たとえ「th」や「r」ができていたとしても、アクセントができていなければ、外国人には全く伝わらない。発音にこだわり過ぎずに、実直に言葉を出してみてください。
―最後に、英語を学ぶ日本のビジネスマンにメッセージをお願いします。
ショーンK:実は「ビジネス英語」という言葉を使っているのは日本だけです。
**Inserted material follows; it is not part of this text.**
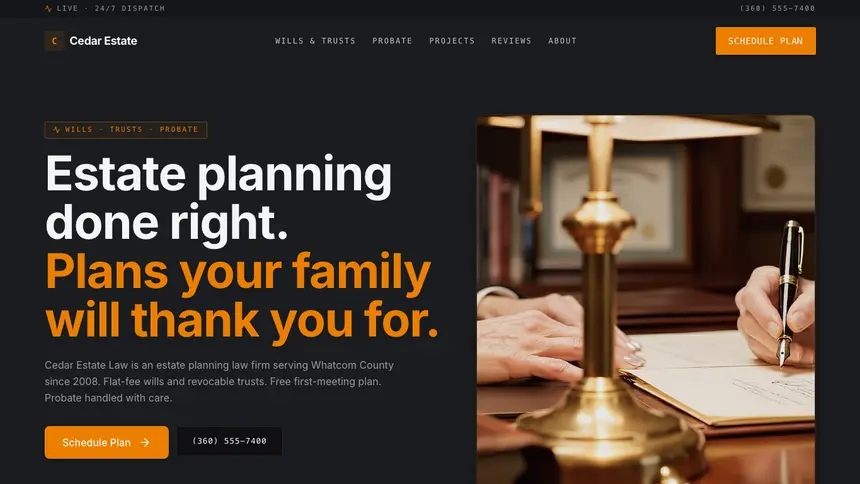 Estate Planning Modern Finance demo website thumbnail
「仕事で使うための英語」という意味だと思いますが、根本的には「伝えたいこと」を話せるかという点で日常会話と変わりはありません。
むしろビジネス英語は目的が、契約を取り付けるとか、値段交渉すること、など目的がはっきりしているので、絶対的に簡単です。
ビジネス英語と聞いてすぐにMBA用語集やTOEIC対策に走りがちですが、契約にかかわるビジネスだからこそ、昨日単語集で勉強した自信のない難しい言葉(big words)や業界用語(buzzwords)は避け、慣れ親しんだ簡単な単語と構文でしっかりと伝えることが大事です。
むしろ、アフターワークの英語の方が圧倒的に難しい。
アフターワーク、つまり職場、会議室を離れた時の会話は、その人の語学力以上に人間としての魅力が試されます。
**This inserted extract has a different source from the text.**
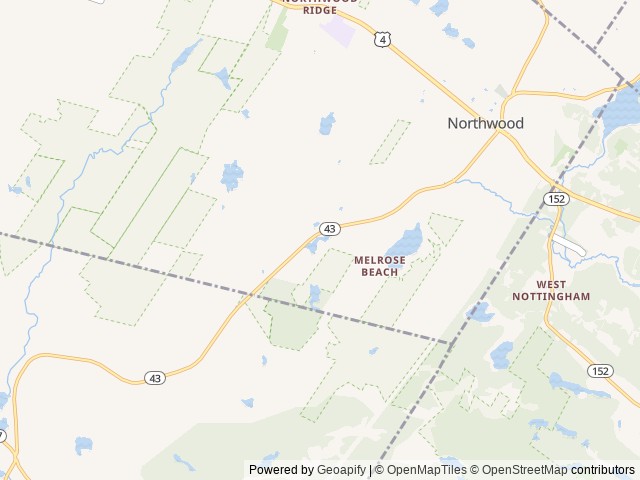 Map of Saddleback Campground location at Northwood, NH, United States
それこそ「震災後、日本経済が今どうなっているのか?」から「1年ごとに総理が回転ドアのように入れ替わる政治」、歴史、中国との関係、キリスト教一神教に対する八百万(やおよろず)多神教的価値観、ジョブズも脱帽した日本のものづくりのすごさ、ビジネスパーソンなら読んでいるはずの本からの引用(amazon.com米国ビジネス本ベストセラーはチェックしておくこと)、たまには気の利いたジョークと、話題も状況(新たなメンバーや家族が紹介されたり)もどんどん変わります。
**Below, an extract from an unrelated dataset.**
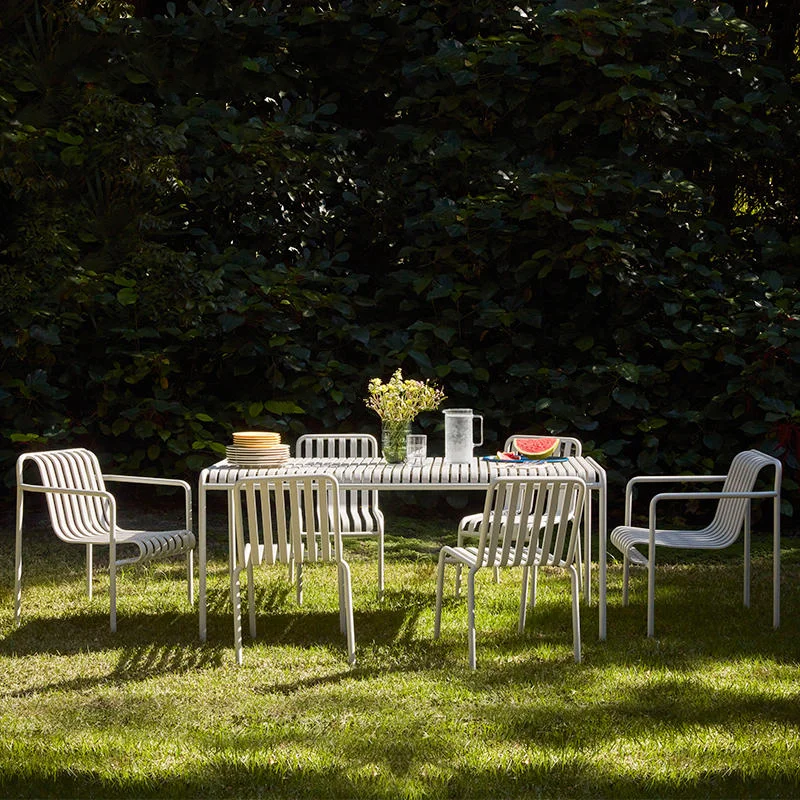 

Outdoor white modern courtyard tables and chairs open-air balcony tea shop coffee shop leisure table and chairs combination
話題の豊富さ(守備範囲)、思慮深さ(深さ)、瞬発力や会話を引っ張るのか、たんなる傍観者か、など色んな点で試されている現場だということです。
知識だけではなく、豊かな人間性も必要。だから、「ビジネス英語」という言葉にとらわれず、もっと広い視野で英語をとらえて、身に付けていってほしいです。
皆さん日本人は、勉強熱心ですし、アウトプットの量を増やせば短期間で必ず英語で伝えられるようになるはずです。そのためにも、私のおすすめした学習方法をぜひ試してみてください。
●お話を伺った方
ショーン・マクアードル川上(ショーンK)氏
経営戦略コンサルタント。さまざまな事業領域における外資系、日系企業の経営戦略、経営再建、事業開発、戦略提携(M&Aなど)、グローバル経営などへの助言、支援を行うブラッドストーン・マネジメント・イニシアチブ代表取締役。現在、東京、ニューヨーク、パリ、シンガポールなど7都市を拠点に経営コンサルタントとして活躍。ベンチャー育成、創業支援、ビジネスリーダーのためのスキル開発トレーニングなどの活動にも従事。また、執筆、ラジオ、テレビのパーソナリティ、コメンテーターなどマルチな活動を展開中。主な著書に「プロフェッショナルの5条件(朝日新聞出版)」、「MBA講義生中継 経営戦略(TAC出版)」、「自分力を鍛える(あさ出版)」、「即聴⇔即答ビジネストレーニング(アルク)」などがある。